The Conservatives are masters of greenwashing; each Prime Minister making grand statements about the commitment to the environment, when in fact their record on climate change is defined by scrapping support for renewables, bringing fracking to the UK and handing out more public money to polluters than any other EU nation. It’s no surprise that their election manifesto has been written by a fracking lobbyist.
This is not the “world-leading climate action” the Tories claim. Crucially, their limited environmental policies were rolled out against a backdrop of massive cuts to public services. Since 2010, Defra and other public bodies responsible for maintaining and restoring our natural environment have been starved of funding. Austerity has devastated communities across the country and suppressed our economy by £100bn, but less talked about is the impact on our ability to tackle the climate and environment emergency.
Under the Conservatives, Natural England’s budget has been cut by 50%, with staff reporting they are barely coping with their basic statutory requirements.
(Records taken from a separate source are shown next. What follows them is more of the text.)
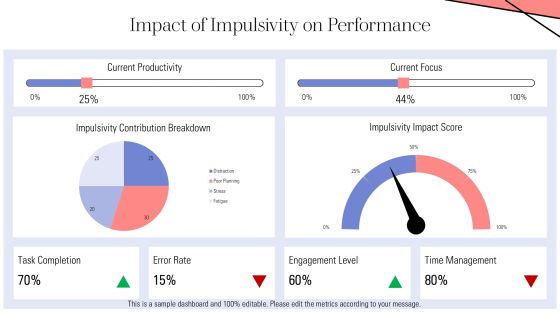 Executive Function Mastery Control Your Impulses PPT Graphics AT Slide06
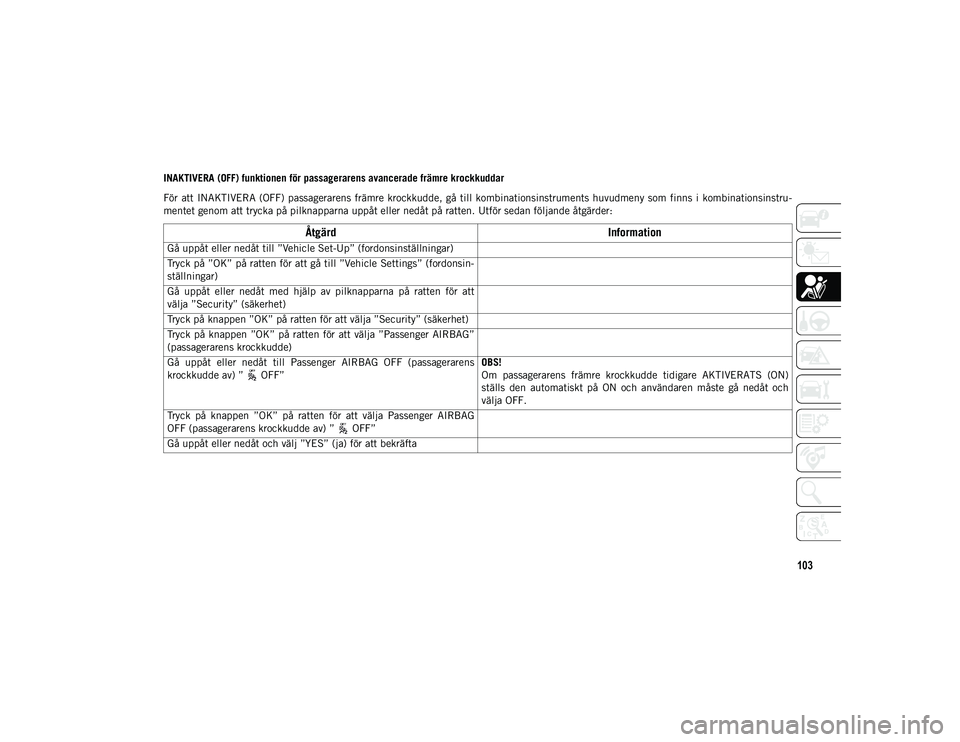 JEEP COMPASS 2020  Drift- och underhållshandbok (in Swedish) 103
INAKTIVERA (OFF) funktionen för passagerarens avancerade främre krockkuddar
För  att  INAKTIVERA  (OFF) passagerarens främre krockkudde,  gå  till  kombinationsinstruments huvudmeny som  finn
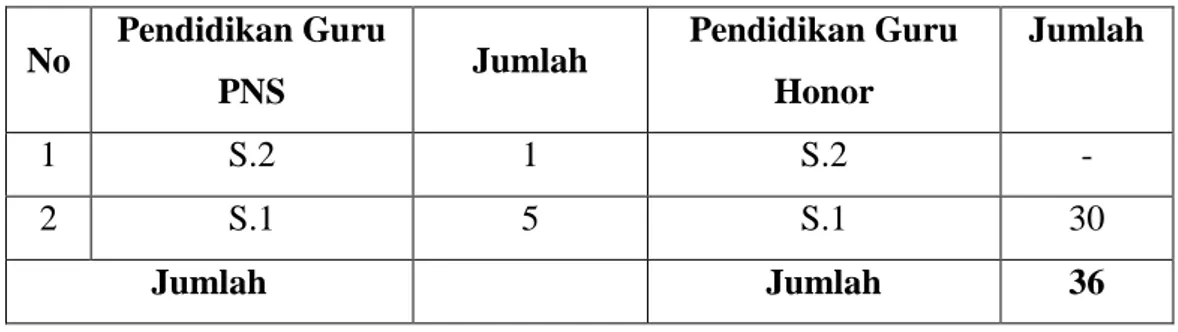 Tabel 4.2 Kualifikasi MTs. Mamiyai Al-Ittihadiyah  No  Pendidikan Guru  PNS  Jumlah  Pendidikan Guru Honor  Jumlah  1  S.2  1  S.2  -  2  S.1  5  S.1  30  Jumlah  Jumlah  36 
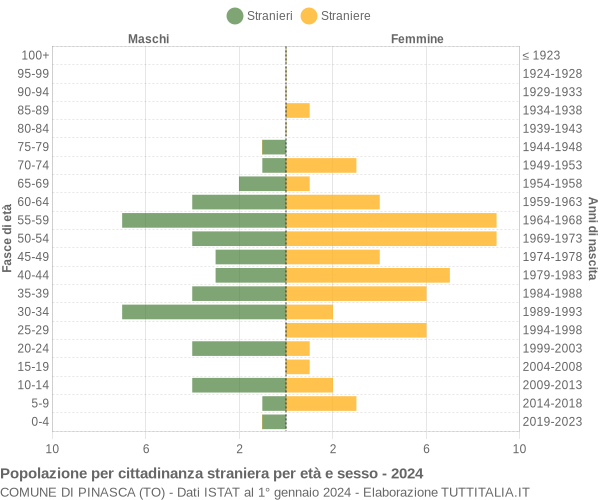 Grafico cittadini stranieri - Pinasca 2024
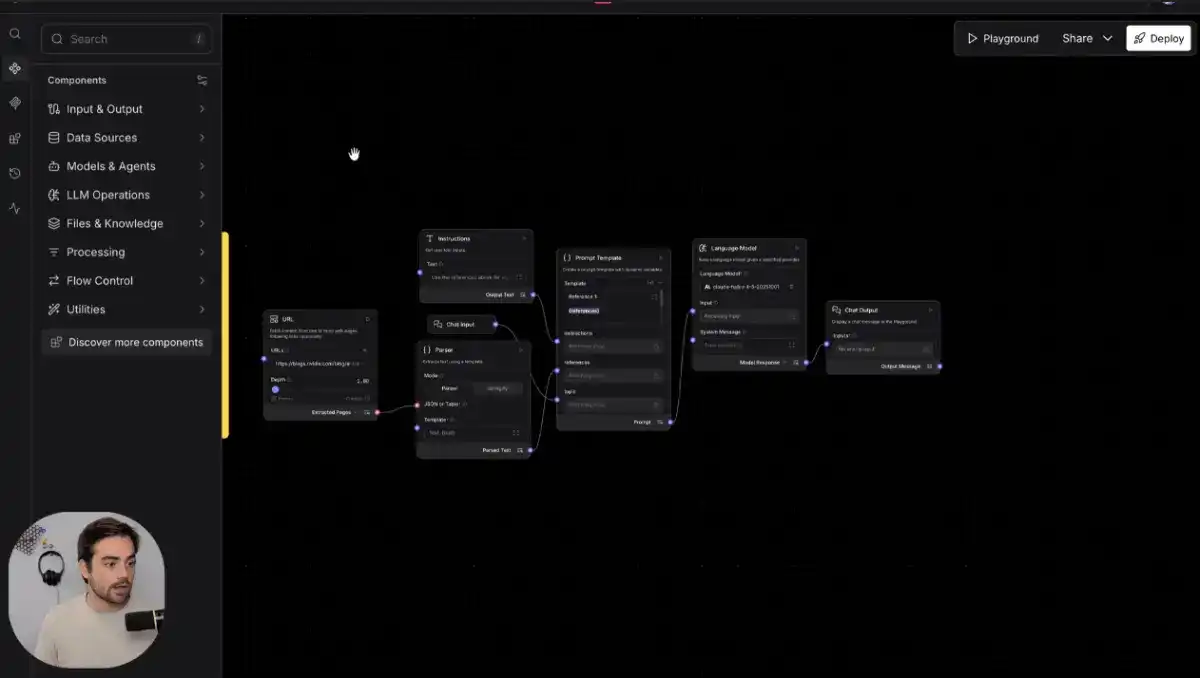 ✍️ 无需编码，即可构建一个自定义博客写作助手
The Environment Agency has lost a fifth of their workforce and local authorities have had their funding slashed by 60%.
The investigation by Unearthed and The Financial Times shows that these cuts led to the UK missing key targets on climate change: “The Environment Agency (EA) has used a derogation on the target for many [water] areas, saying that implementing measures to achieve it would be ‘disproportionately expensive’.
“Government has now abandoned efforts to meet its target to conserve half of England’s best wildlife sites by 2020, with a leaked document from the government’s nature body also warning that it is now too stretched to prevent ‘further human-induced extinctions of known threatened species’.”
This sets a worrying precedent for things to come if the Tories are re-elected in December. Dr Fatih Birol, executive director of the International Energy Agency said: “There is a deep disparity between the aim to tackle the climate crisis and the existing policies which had allowed a ‘relentless upward march’ for emissions.” This speaks to governments around the world, but rings particularly true for ours. What the Conservatives promise on the environment is not what they deliver.
In May, Labour tabled a motion calling on parliament to declare a climate and environment emergency. Unopposed by the government, it called for a fully costed cross-departmental plan to tackle the climate crisis and to “restore the UK’s natural environment and deliver a circular, zero waste economy.” The deadline for this plan to be published was the November 1st, yet we heard nothing from the Prime Minister. Another missed target and another Tory failure to take action on climate change.
The truth is that the Conservatives have no serious proposals to tackle the climate and environment emergency. Their failure to meet key targets when they have had almost a decade in power to take action shows us they have no grasp of the scale and urgency of the climate crisis. They cannot be trusted to lead us through the biggest crisis facing humanity and must be held to account for driving us towards the cliff edge. Only a Labour government can avert climate catastrophe, get us to net-zero through a worker-led just transition, and restore our natural environment.